A theory of $q$-transversals
Mark Saaltink
TL;DR
This work develops a $q$-analog of transversal theory by replacing sets with subspaces and studying $q$-transversals within a vector space. It demonstrates that partial $q$-transversals form the independent sets of a $q$-matroid, expressible as a union of rank-1 $q$-matroids and representable via matrix constructions. The paper establishes avoidance/Hall-type results, provides a cryptomorphic reformulation, and offers a representation framework including a concrete construction in a special case, while highlighting conjectures such as a $q$-Rado and questions about the minor-closed classes akin to gammoids.
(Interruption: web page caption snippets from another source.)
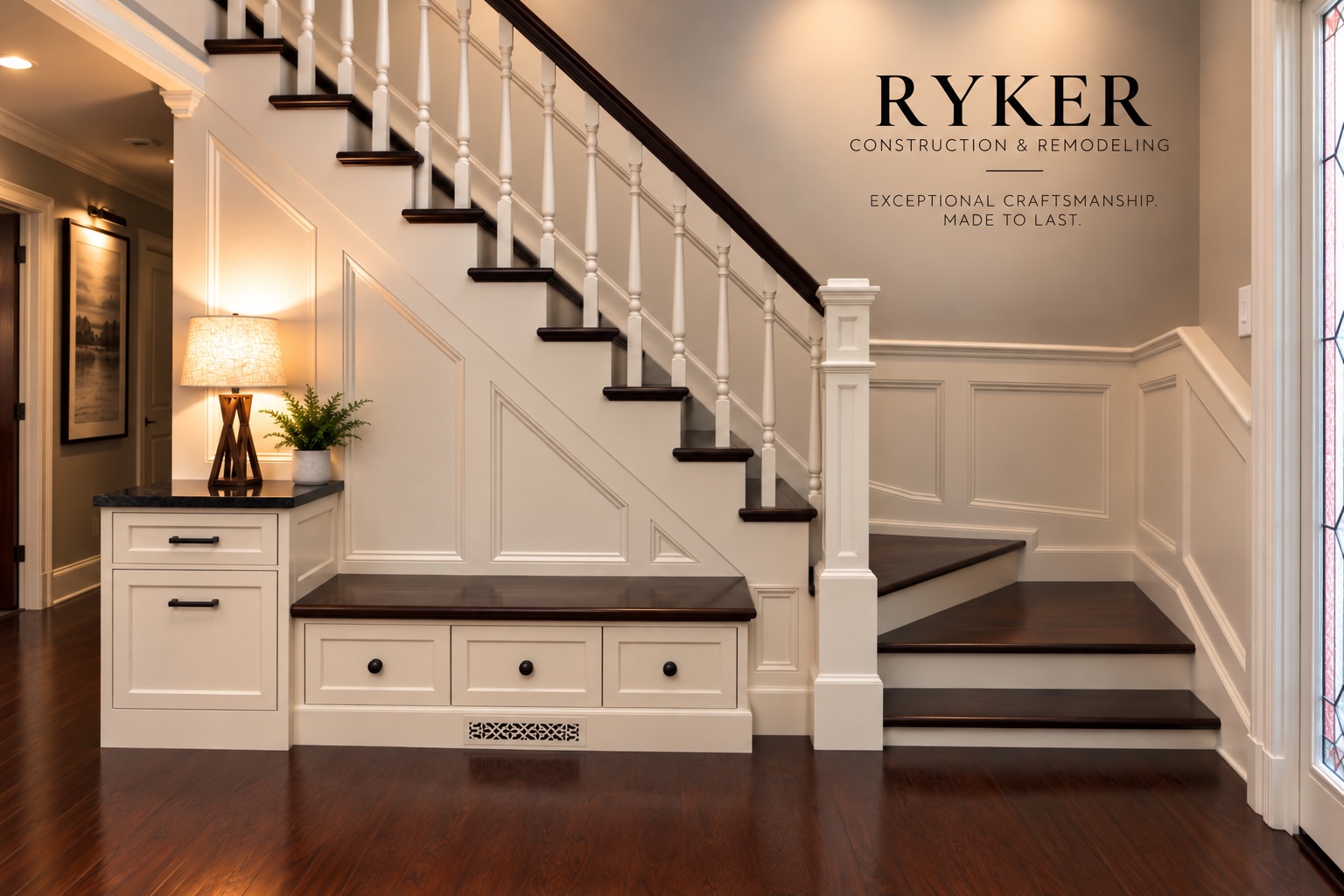 Finished interior staircase with dark wood treads, white balusters, paneled trim, and built-in storage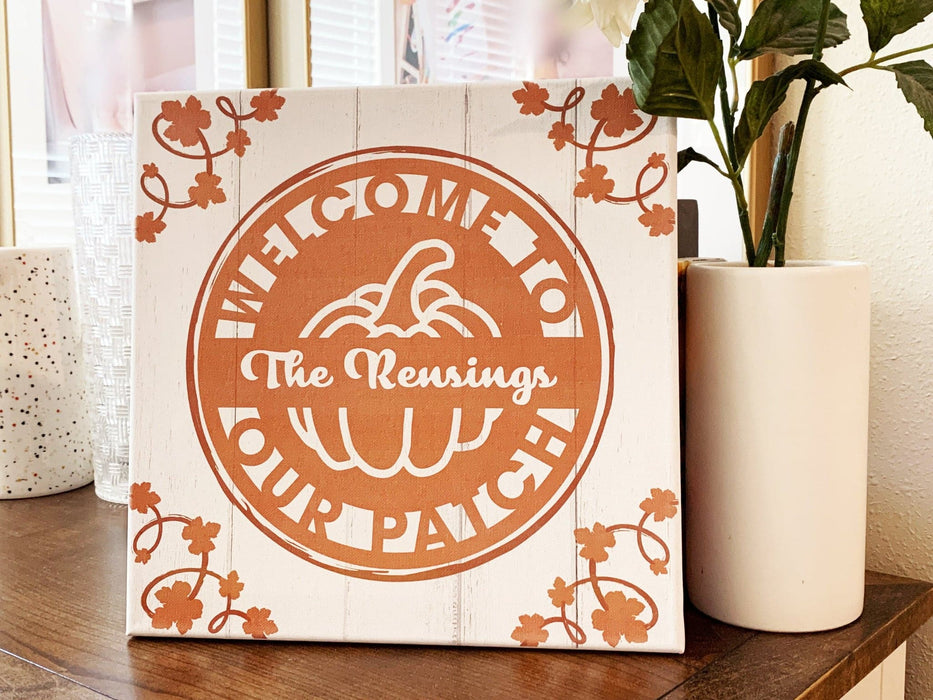 Printed canvas sits on tablescape. Canvas has design with pumpkin and pumpkin foliage on sides. Design says Welcome to Our Patch and The Rensings.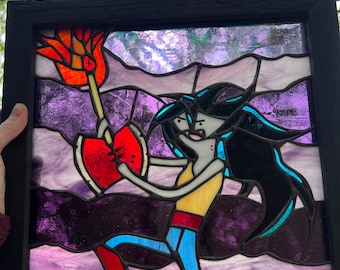 May include: A stained glass window depicting a cartoon character holding a flaming heart and a torch. The character has black hair, a yellow shirt, blue jeans, and red boots. The background is a purple and blue sky with clouds.
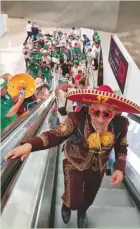  ?? ?? Doha Metro stations witnessed Mexicans singing and dancing while disembarki­ng.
Overall, the work lays foundational ground for a robust $q$-transversal theory with parallels to classical transversal matroids and potential impact on representability and structural matroid theory in finite-field contexts.
Abstract
Given an indexed family ${\cal A} = (A_1, A_2, \dotsc, A_n)$ of subsets of some given set $S$, a \emph{transversal} is a set of distinct elements $x_1, x_2, \dotsc, x_n$ with each $x_i \in A_i$. Transversals have been studied since 1935 and have many attractive properties, with a deep connection to matroids. A $q$-analog is formed by replacing the notion of a set by the notion of a vector space, with a corresponding replacement of other concepts. In this paper we define a $q$-analog of the theory of transversals, and show that many of the main properties of ordinary transversals are shared by this analog.